Twenty words you can’t say in Alabama

EVERY politician says something he has to walk back once in a while. In the case of Bradley Byrne, a Republican candidate for governor of Alabama, it was

I think there are parts of the Bible that are meant to be literally true and parts that are not.

We at Christians for Scientific Inquiry obviously stand by Mr. Byrne’s original statement, and regret that the vagaries of polarized politics as practiced in the US of A means that he had to recant this statement, which, hard as it might seem to outsiders, is a courageous one to make as an Alabaman Republican.

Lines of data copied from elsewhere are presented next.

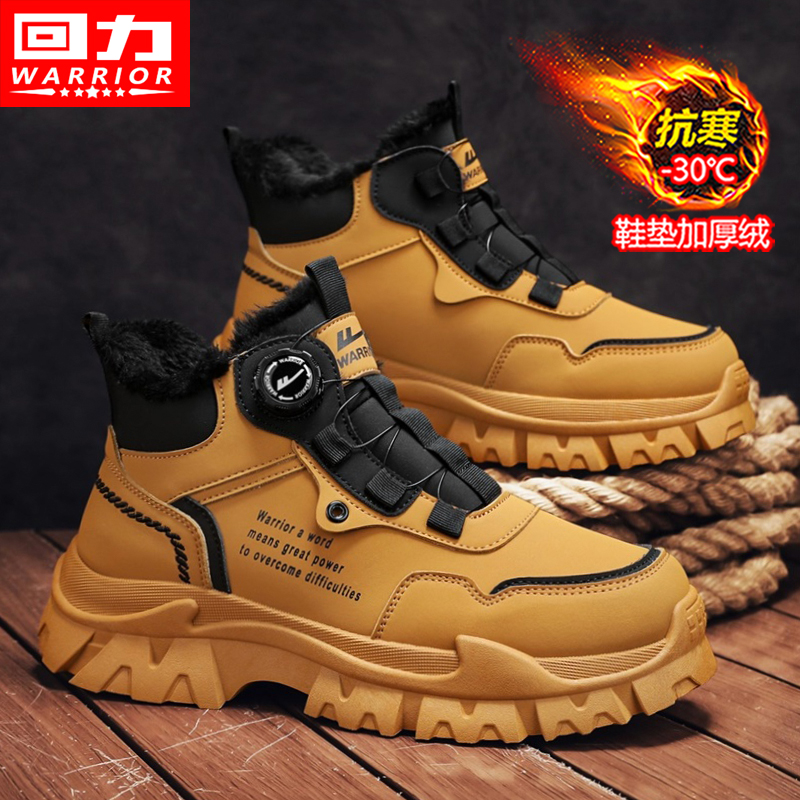 回力男鞋马丁靴冬季加绒保暖棉鞋旋转高帮大黄靴登山雪地靴子潮鞋主图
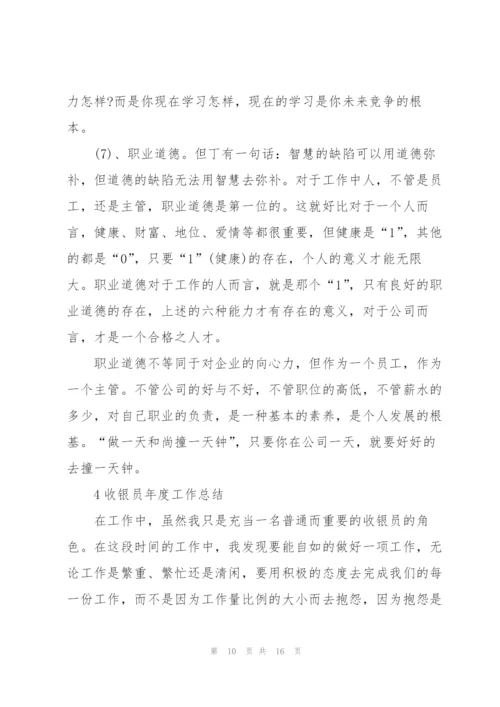 收银员年度工作总结范本5篇.docx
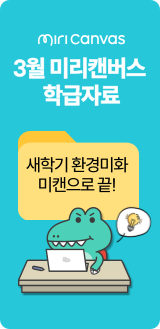 미캔 수업자료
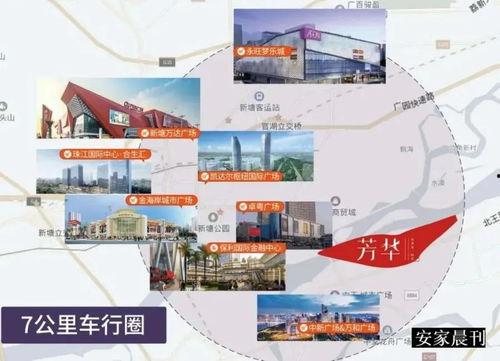 保利沁园业主爆料视频最新,揭露小区问题引发关注 第3张 保利沁园业主爆料视频最新,揭露小区问题引发关注 第3张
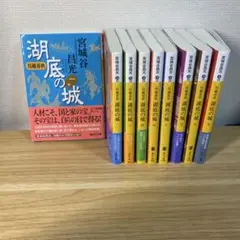 宮城谷昌光　湖底の城 全巻セット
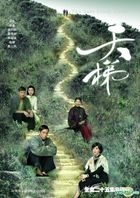 天梯 (2011) (DVD) (1-25集) (完) (中英文字幕) (TVB劇集) (美國版) 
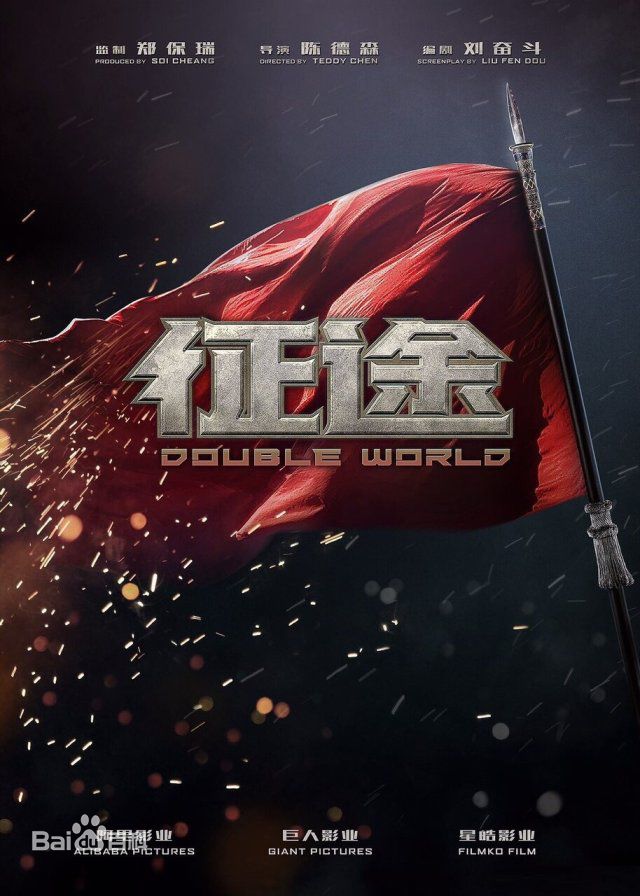 最新胡明(BoBo)性感图片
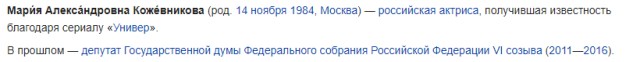 Как одна дурочка хвасталась платьюшком...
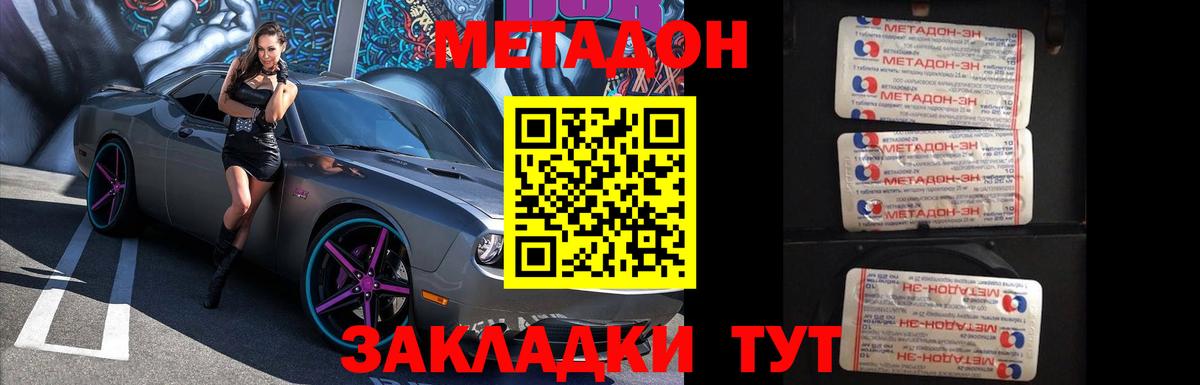 МЕТАДОН мёд  Вход с VPN  Армавир 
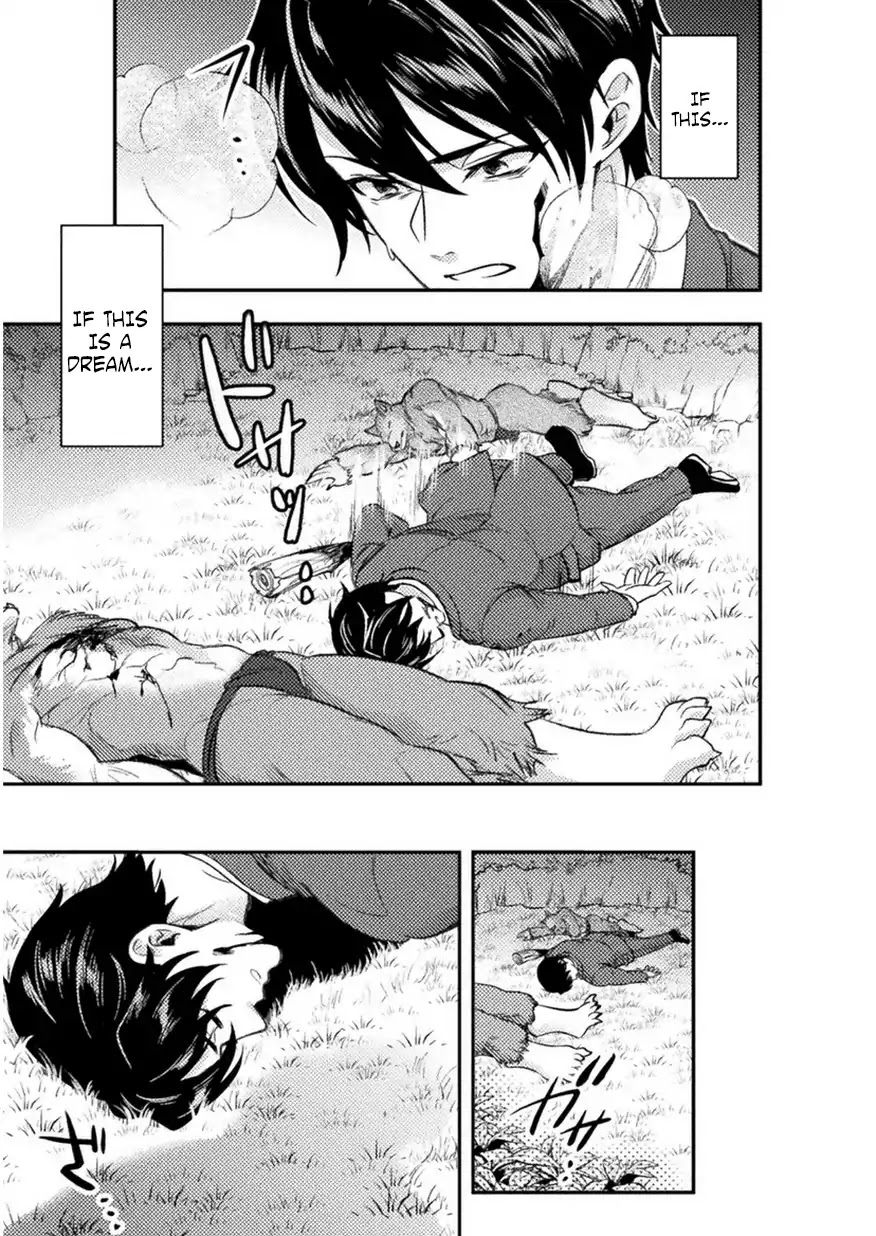 Beauty, Sage and the Devil’s Sword Chapter 1 - Page 25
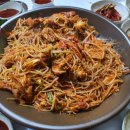 송죽가든 이미지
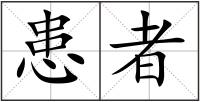 患者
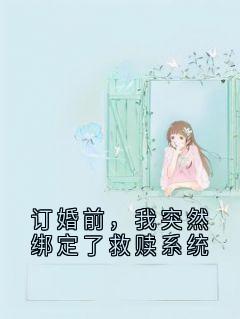 订婚前，我突然绑定了救赎系统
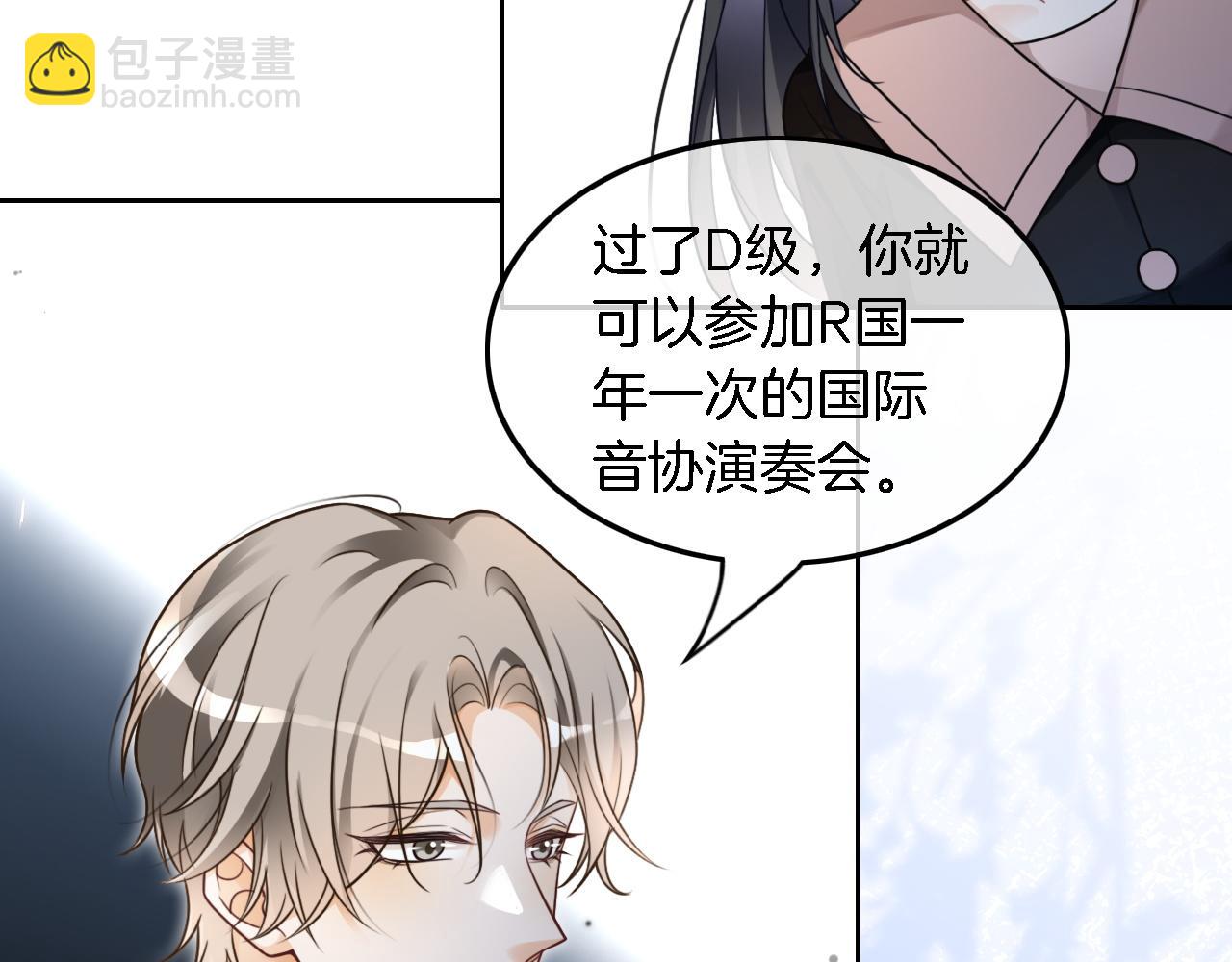 第117话 维护二哥20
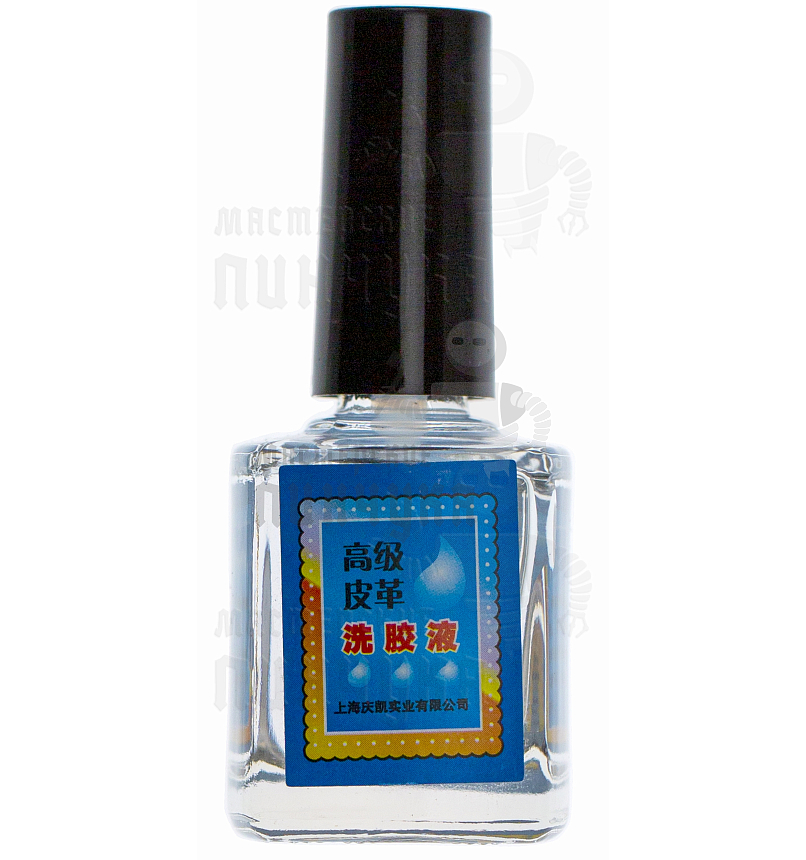 Средство для удаления следов клея 20мл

This sort of ignorance is precisely what CScI was founded to counter. All too often, fanaticism combines with (relative) illiteracy. Anyone who has perused St. Joseph’s purported genealogies, according to St. Mark and St. Luke, would realize that the bible cannot possibly be “true. Every word of it.” (according to Mr. Byrne’s recantation). Any Muslim who can bother to Google would find that the term Allah is not exclusive to Islam, and in fact predated it, having been used by pagans, Jews and Christians in Arabia before Islam existed.

Sadly, people go to extremes in order to maintain archaic dogmas. In ancient, pre-scientific times, it might make sense to extrapolate from the claim that some writings or prophecies are divinely-inspired, to the claim that therefore they are infallibly true, word for word; in this day and age, these kind of assertions are not only quaint, they are decidedly dangerous.